Spain's footballers union threatened on Wednesday to strike over controversial plans to play a La Liga match in the United States, blasting a decision based only on "money and business".
"We are tired of these unilateral decisions that directly affect the players like this plan of playing outside Spain," said David Aganzo, the president of the players union (AFE) after a meeting attended by a host of stars including Real Madrid's Sergio Ramos and Barcelona's Sergio Busquets.
Spain's La Liga announced last Thursday that they planned to stage a match in North America as part of an expansion drive.
The teams and the venue were not disclosed but El Pais newspaper said the match would take place over the coming 2018-19 season and would probably feature either Barcelona or Real Madrid as one of the teams.
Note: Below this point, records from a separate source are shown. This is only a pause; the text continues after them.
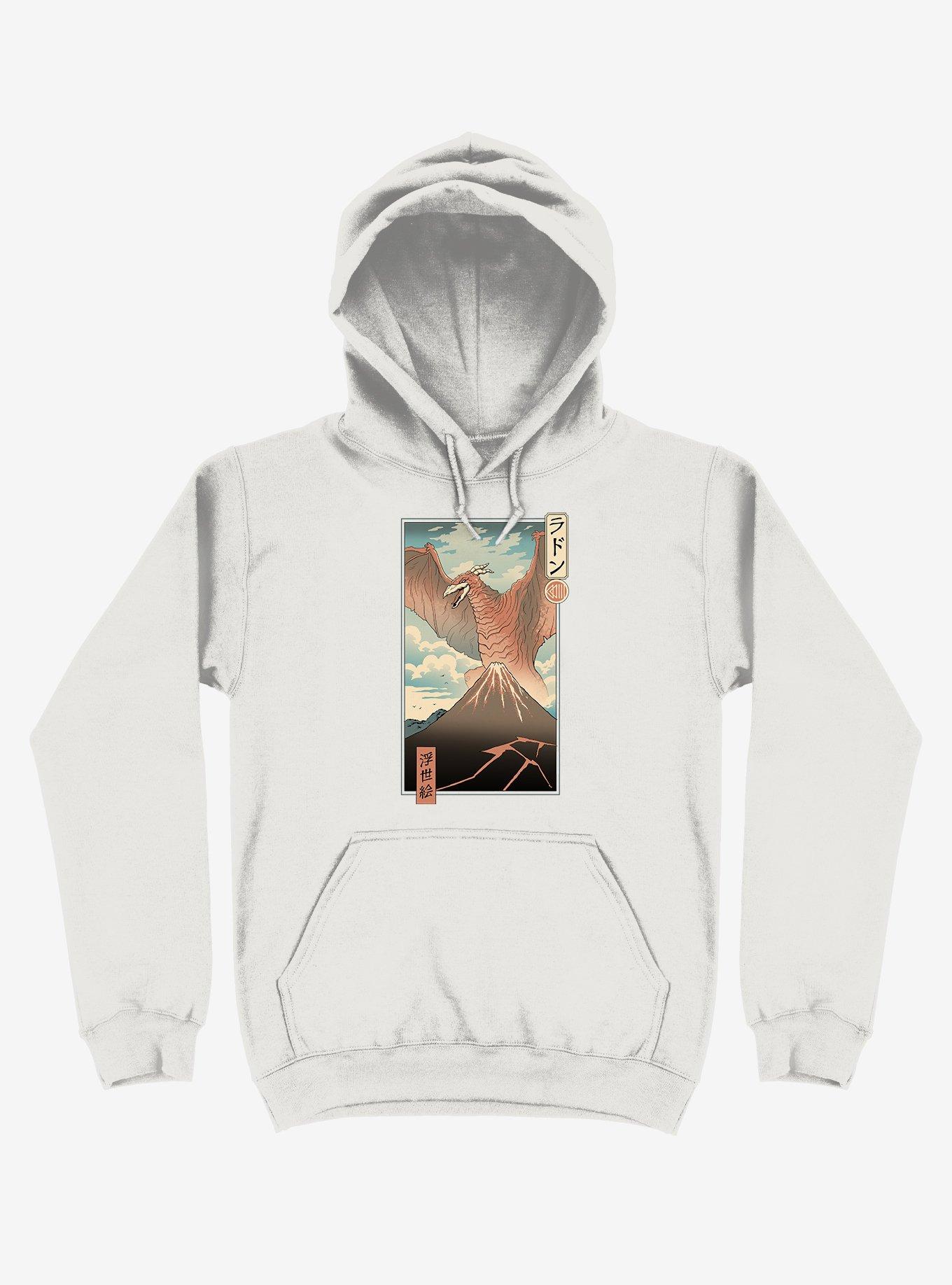 Irradiated Kaiju Ukiyo-e White Hoodie, WHITE, hi-res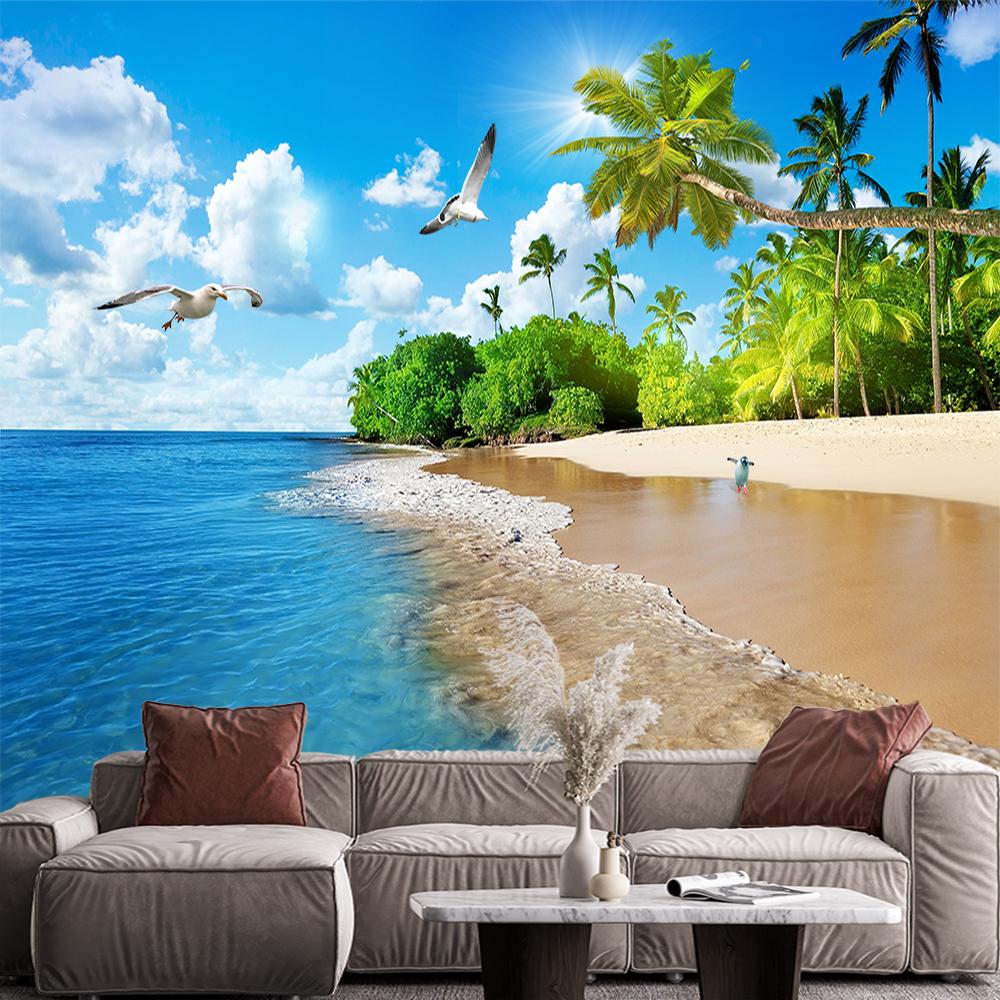Seascape Mural Beach Coconut Tree 3d Wallpaper Living Room Bedroom Beach Wall Mural Decoration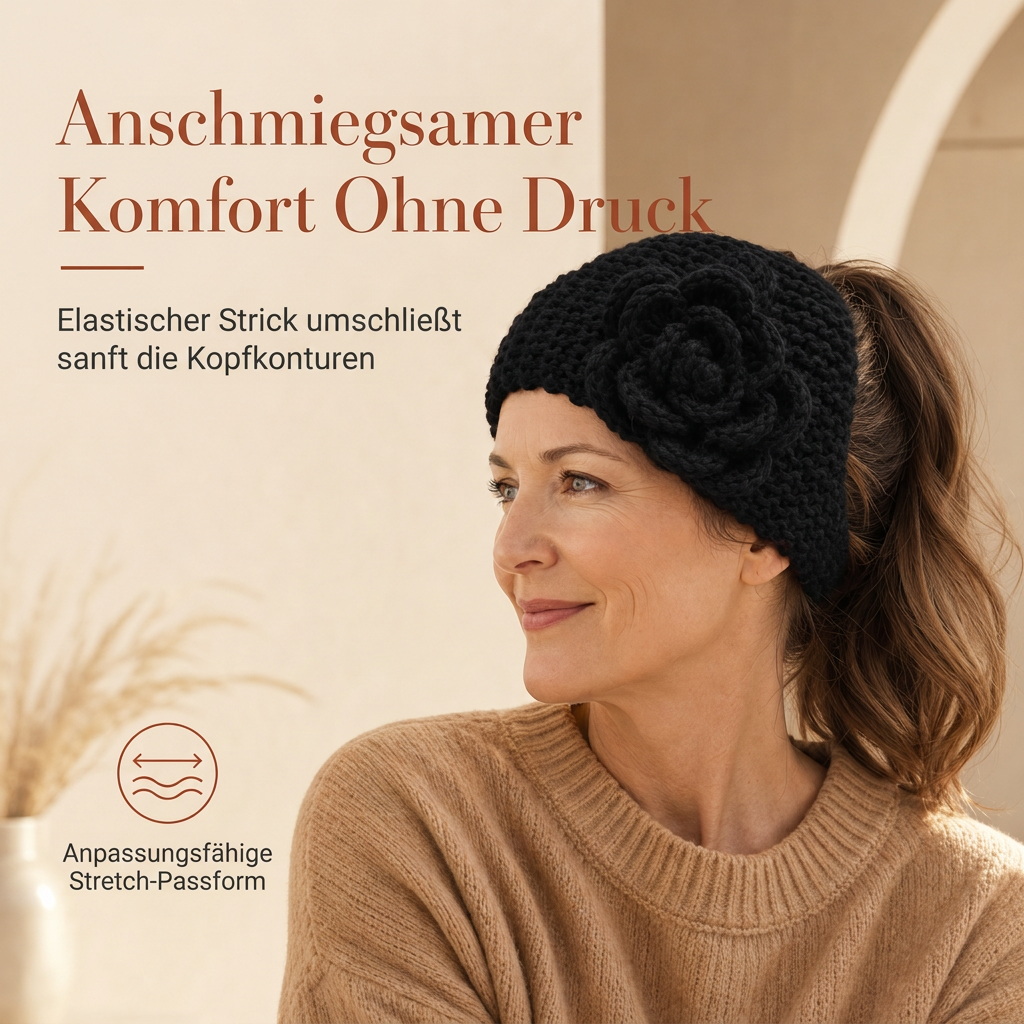 Breites gestricktes Ohrenschutz-Stirnband für Damen, winterlich warmes Haar-Accessoire mit Blumenmuster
Aganzo said Wednesday that the AFE planned to meet La Liga chiefs in September to try and convince officials to give up on the plan.
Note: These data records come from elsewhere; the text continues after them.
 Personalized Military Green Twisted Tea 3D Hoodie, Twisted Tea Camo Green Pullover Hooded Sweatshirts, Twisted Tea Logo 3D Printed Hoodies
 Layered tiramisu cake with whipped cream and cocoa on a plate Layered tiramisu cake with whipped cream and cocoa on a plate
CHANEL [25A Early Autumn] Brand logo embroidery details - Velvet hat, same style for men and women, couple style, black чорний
If not, at the "end of September or the beginning of October we will have to start acting," said Aganzo adding the union was "prepared to go to the end", evoking the possibility of a "strike".
"We are used to seeing football played only for money and business," added Aganzo who said Liga officials no longer take into account "the health and risk for the players".
The national supporters federation (FASFE) have described the plan to move a match to the United States as an "aberration".
La Liga earned 3.6 billion euros in revenues during the 2016-2017 season, nearly 40% of which came from TV rights and generated a pre-tax profit of 234 million euros.
For the 2017-2018 season, La Liga said it hoped to exceed for the first time the four-billion-euro mark in revenue.